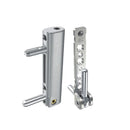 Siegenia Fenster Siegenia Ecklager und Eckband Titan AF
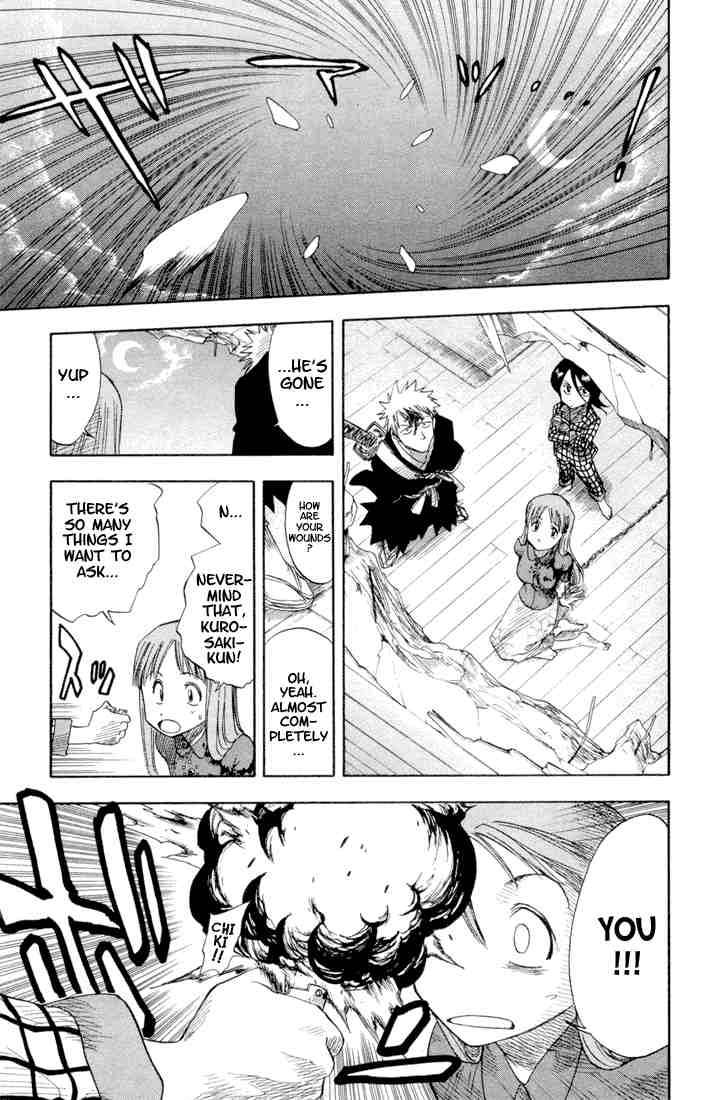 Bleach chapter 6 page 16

--

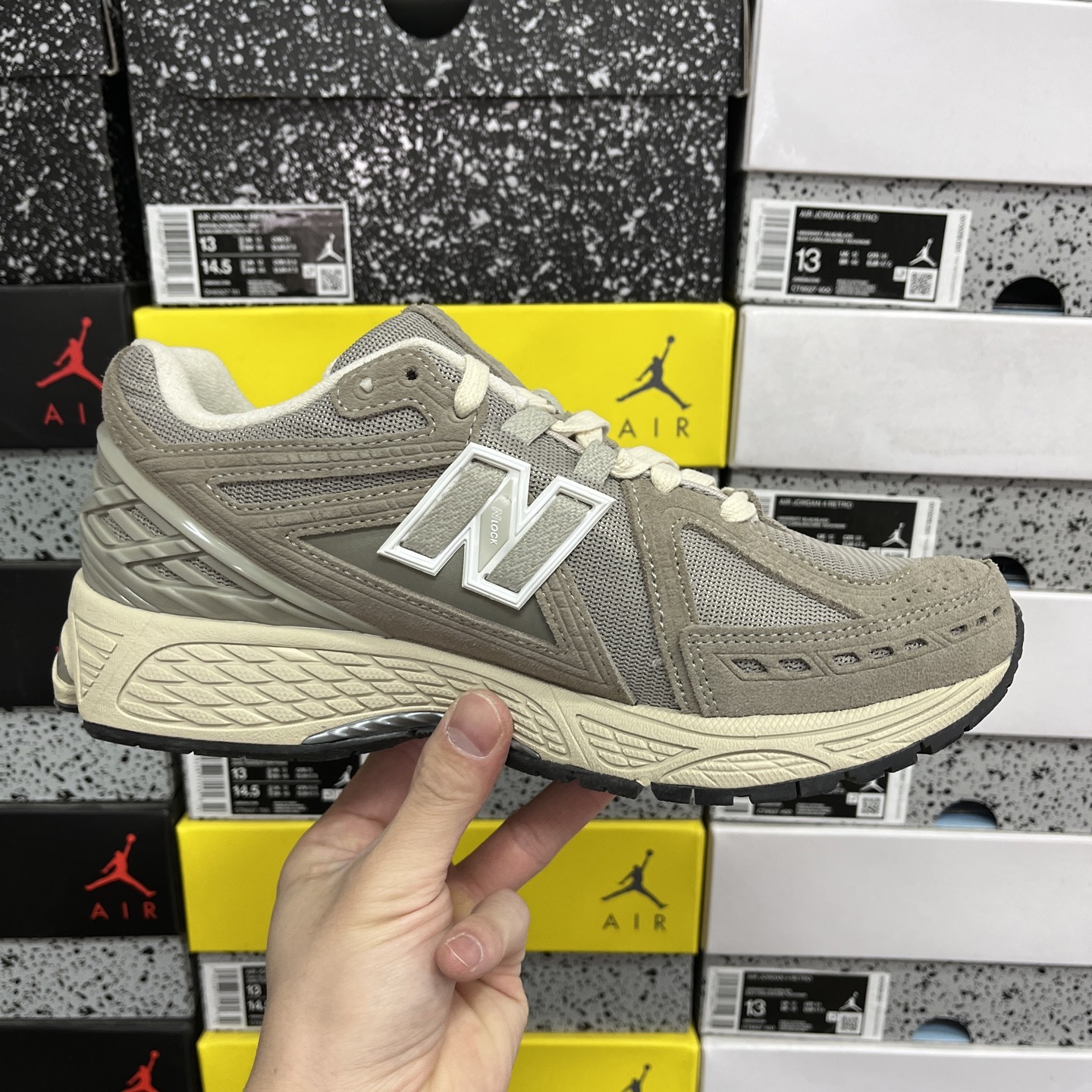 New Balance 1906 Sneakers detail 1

--

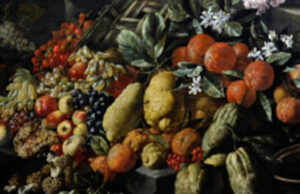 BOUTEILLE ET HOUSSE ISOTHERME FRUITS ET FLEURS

__ACTIVITY__. Print exactly the lines above that run from the one with "Siegenia Fenster Siegenia" to the one with "Bleach chapter 6 page 16", both included. No pictures.

__TASK SOLUTION__.
 Siegenia Fenster Siegenia Ecklager und Eckband Titan AF
 Bleach chapter 6 page 16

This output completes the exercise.